Re: [PATCH v2 00/21] Runtime TDX Module update support
From: Vishal Annapurve
Date: Sun Oct 26 2025 - 18:02:16 EST
On Sun, Oct 26, 2025 at 2:30 PM <dan.j.williams@xxxxxxxxx> wrote:
>
> Vishal Annapurve wrote:
> > On Fri, Oct 24, 2025 at 6:42 PM <dan.j.williams@xxxxxxxxx> wrote:
> > >
> > > Vishal Annapurve wrote:
> > > > On Fri, Oct 24, 2025 at 2:19 PM Dave Hansen <dave.hansen@xxxxxxxxx> wrote:
> > > > >
> > > > > On 10/24/25 14:12, dan.j.williams@xxxxxxxxx wrote:
> > > > > >> The SGX solution, btw, was to at least ensure forward progress (CPUSVN
> > > > > >> update) when the last enclave goes away. So new enclaves aren't
> > > > > >> *prevented* from starting but the window when the first one starts
> > > > > >> (enclave count going from 0->1) is leveraged to do the update.
> > > > > > The status quo does ensure forward progress. The TD does get built and
> > > > > > the update does complete, just the small matter of TD attestation
> > > > > > failures, right?
> > > >
> > > > I would think that it's not a "small" problem if confidential
> > > > workloads on the hosts are not able to pass attestation.
> > >
> > > "Small" as in "not the kernel's problem". Userspace asked for the
> > > update, update is documented to clobber build sometimes, userspace ran
> > > an update anyway. Userspace asked for the clobber.
> > >
> > > It would be lovely if this clobbering does not happen at all and the
> > > update mechanism did not come with this misfeature. Otherwise, the kernel
> > > has no interface to solve that problem. The best it can do is document
> > > that this new update facility has this side effect.
> >
> > In this case, host kernel has a way to ensure that userspace can't
> > trigger such clobbering at all.
>
> Unless the clobber condition can be made atomic with respect to update
> so that both succeed, the kernel needs to punt the syncrhonization
> problem to userspace.
>
> A theoretical TDX Module change could ensure that atomicity.

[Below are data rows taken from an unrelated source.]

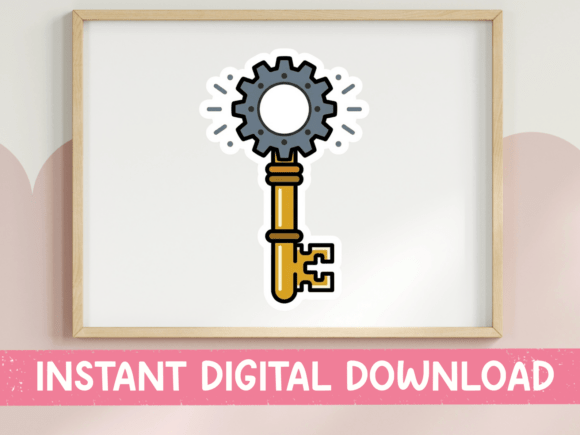 Steampunk Gear Key Sticker Graphics for T-Shirt Designs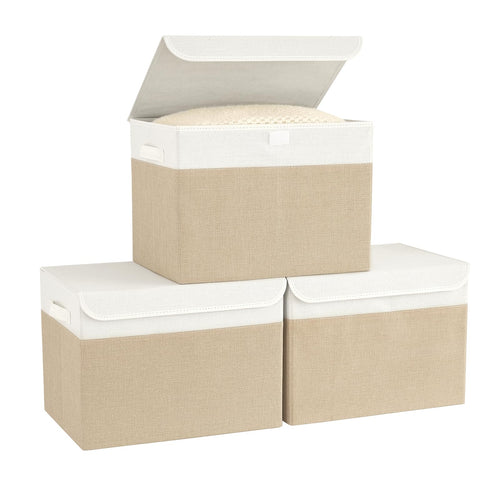 Bagnizer Aufbewahrungsbox mit Deckel, 3er Set, faltbar, Weiss & Beige, Leinen mit vernähten Griffen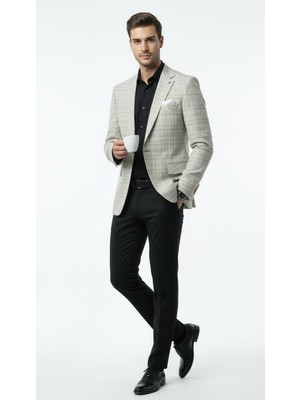 Plus Scorpion Erkek Keten Ekose Blazer Ceket Mono Yaka Tek Düğmeli Çift Yırtmaçlı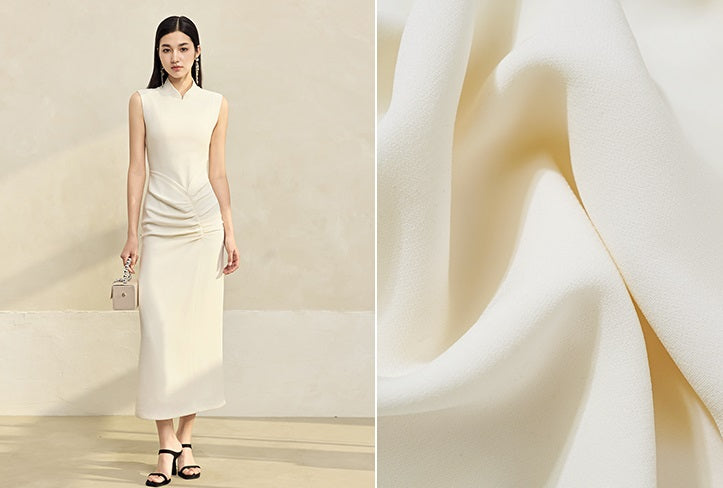 HECO Acetate Waist Black White Pleated Slim Dress Women - EARTH.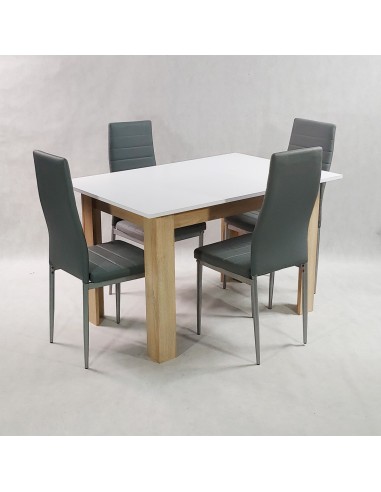 Zestaw stół Modern 120 WS i 4 szare krzesła Nicea
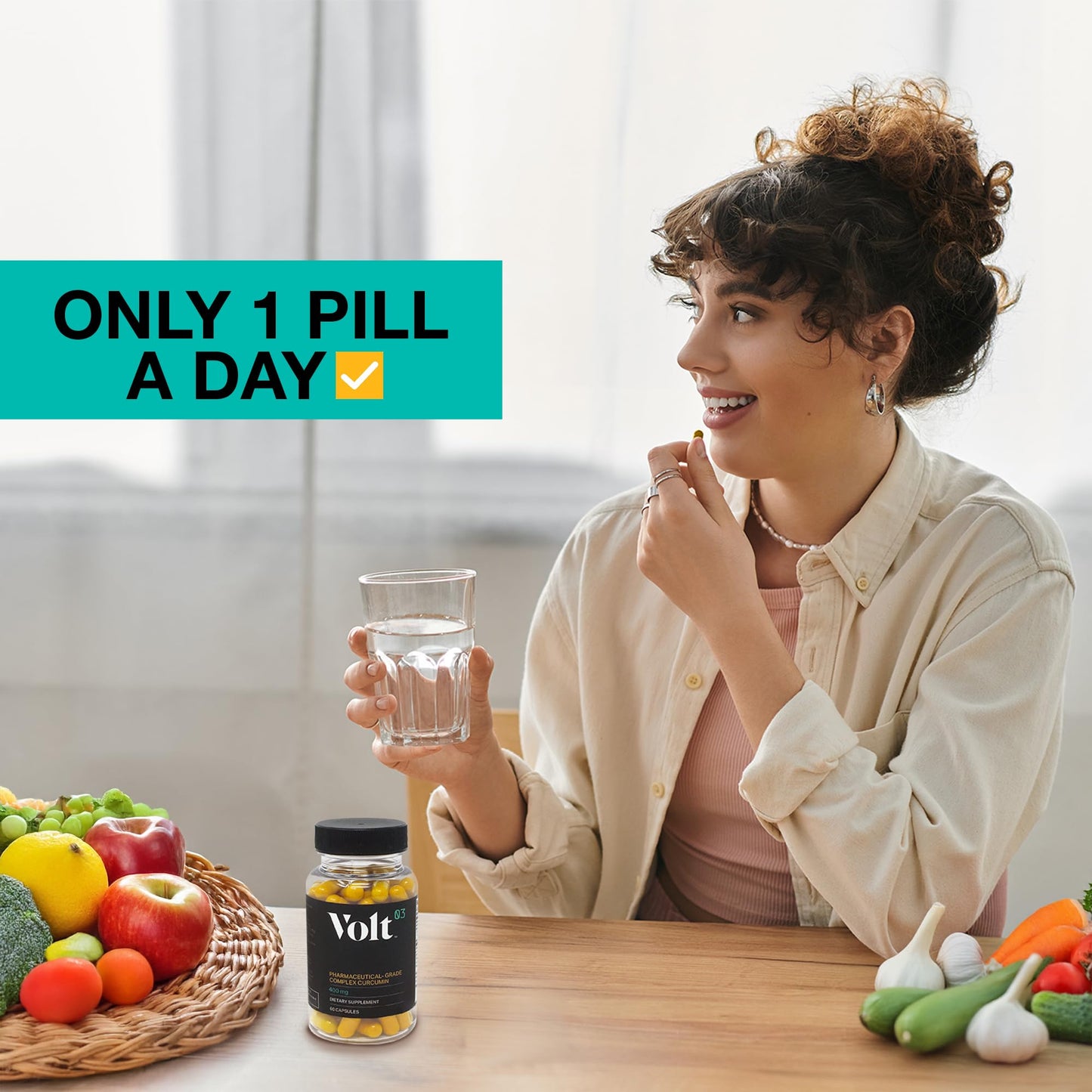 Volt03 Organic Turmeric Curcumin Capsules, 400mg Complex Curcurmin - Pharmaceutical-Grade Curcumin Supplement for Joint Health, Immune Support, & Healthy Inflammation Response, 60-day (2 month) supply
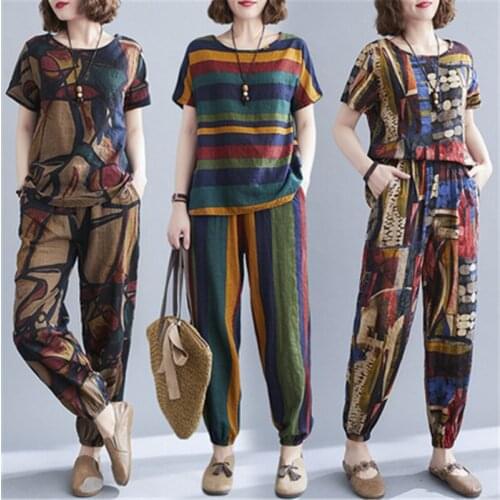 2021 Summer Fashion New Plus Size Women Clothing Round Neck Top + Nine-Point Harem Pants Floral Two-Piece Suit Trend H050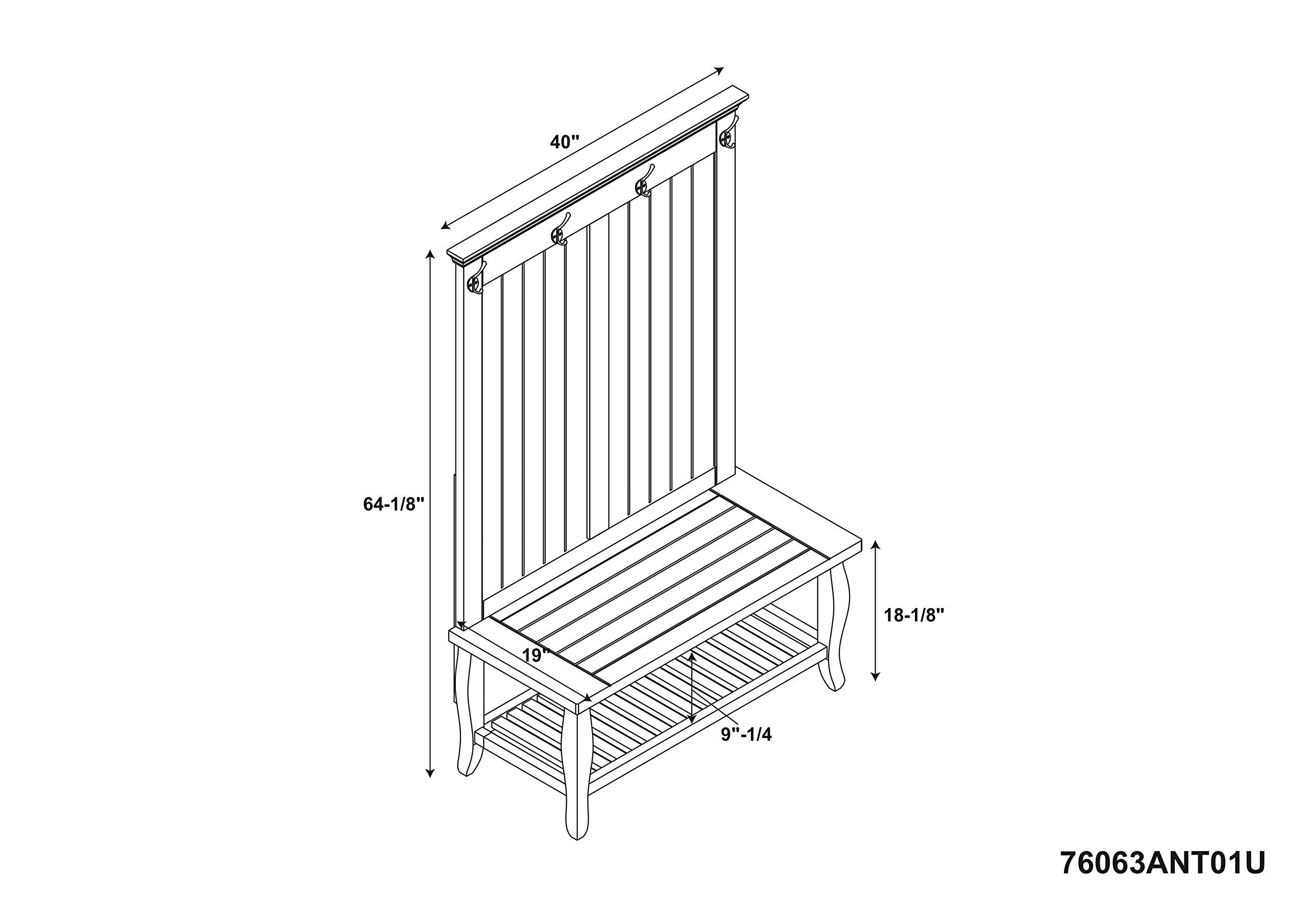 Linon Santa Fe Hall Tree, 40"W x 17.99"D X 64.02"H, Natural
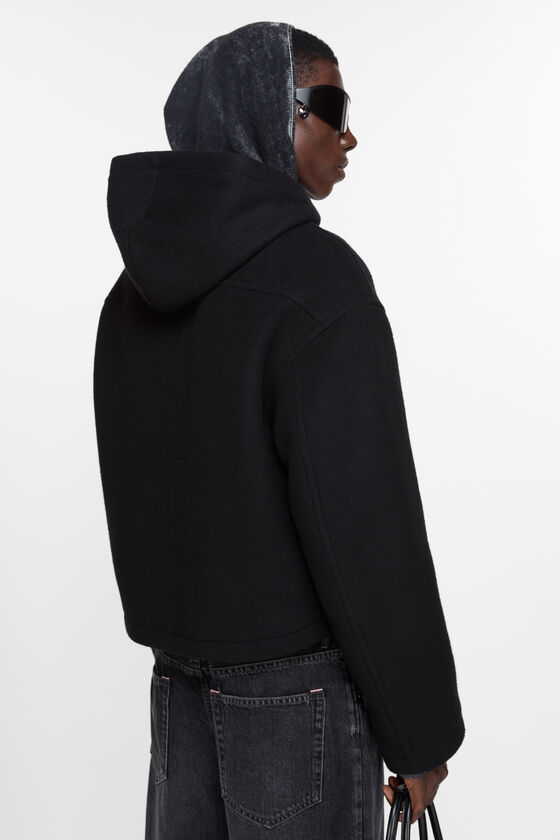 Acne Studios - ウールブレンドフード付きジャケット - ブラック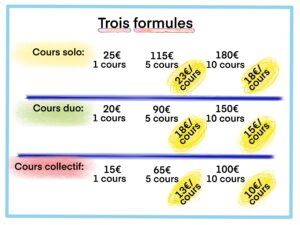 Tarifs des cours de natation solo-duo-collectif proposés par atypique et moi pour apprendre l’accoutumance jusqu’aux techniques de natation.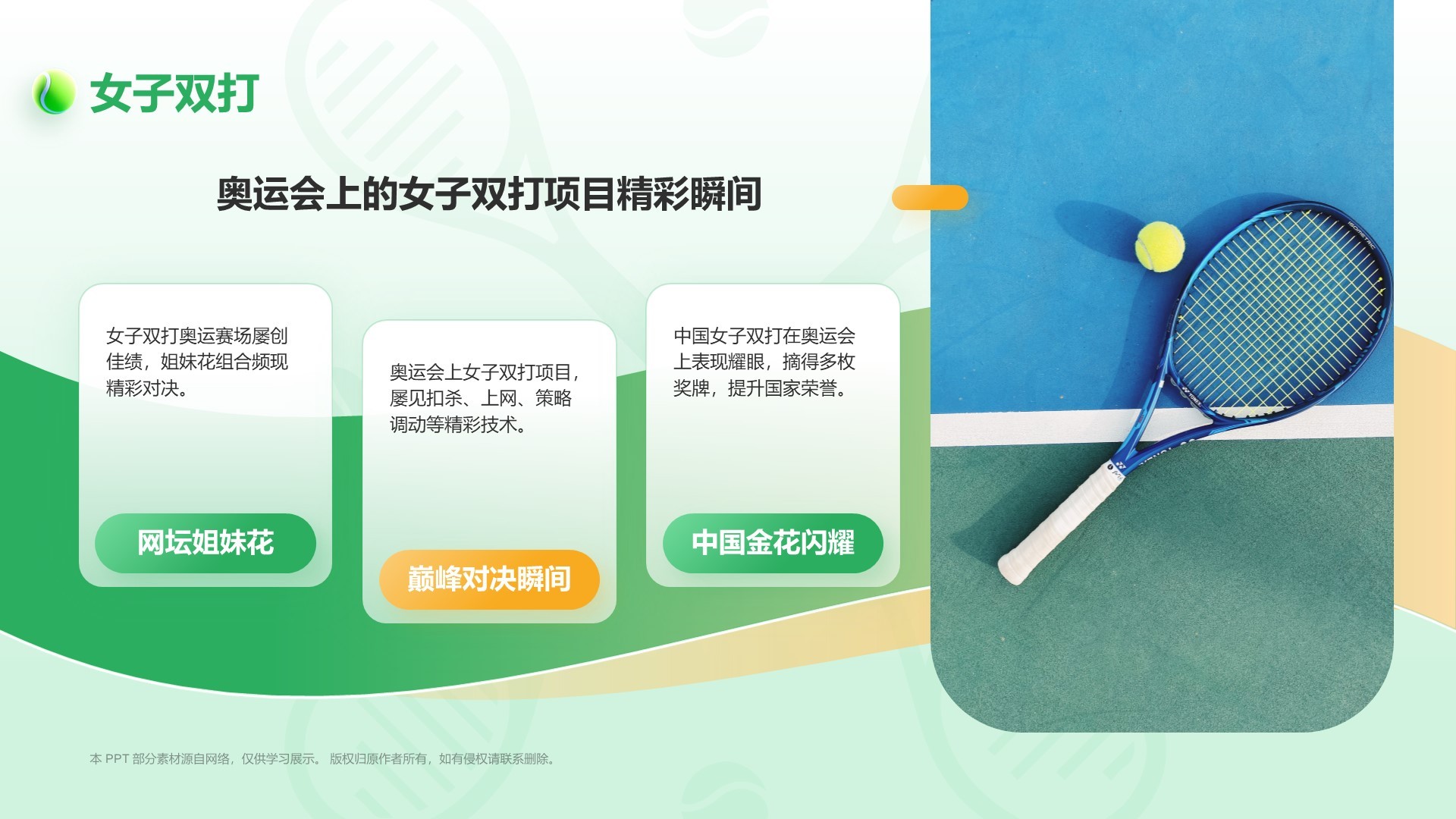 绿色3D风奥运项目科普——网球PPT模板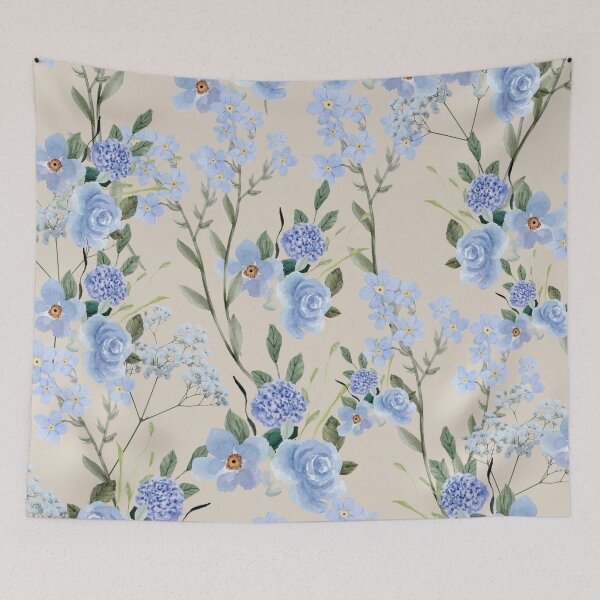 Item preview, Floral Baby blue Aesthetic  designed and sold by Asmaa Abdul-Azim.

IIUC TDX module already supports avoiding this clobber based on the
TDH.SYS.SHUTDOWN documentation from section 5.4.73 of TDX ABI Spec
[1].
Host kernel needs to set bit 16 of rcx when invoking TDH.SYS.SHUTDOWN
is available.
"If supported by the TDX Module, the host VMM can set the
AVOID_COMPAT_SENSITIVE flag to request the TDX Module to fail
TDH.SYS.UPDATE if any of the TDs are currently in a state that is
impacted by the update-sensitive cases."
I think the above documentation should replace TDH.SYS.UPDATE with
TDH.SYS.SHUTDOWN IIUC.
[1] https://cdrdv2.intel.com/v1/dl/getContent/733579
> A
> theoretical change to the kernel's build ABI could effect that as well,
> or notify the collision. I.e. a flag at the finalization stage that an
> update happened during the build sequence needs a restart. This is the
> role of "generation" in the tsm_report ABI. As far as I understand
> userspace just skips that ABI and arranges for userspace synchronized
> access to tsm_report.
>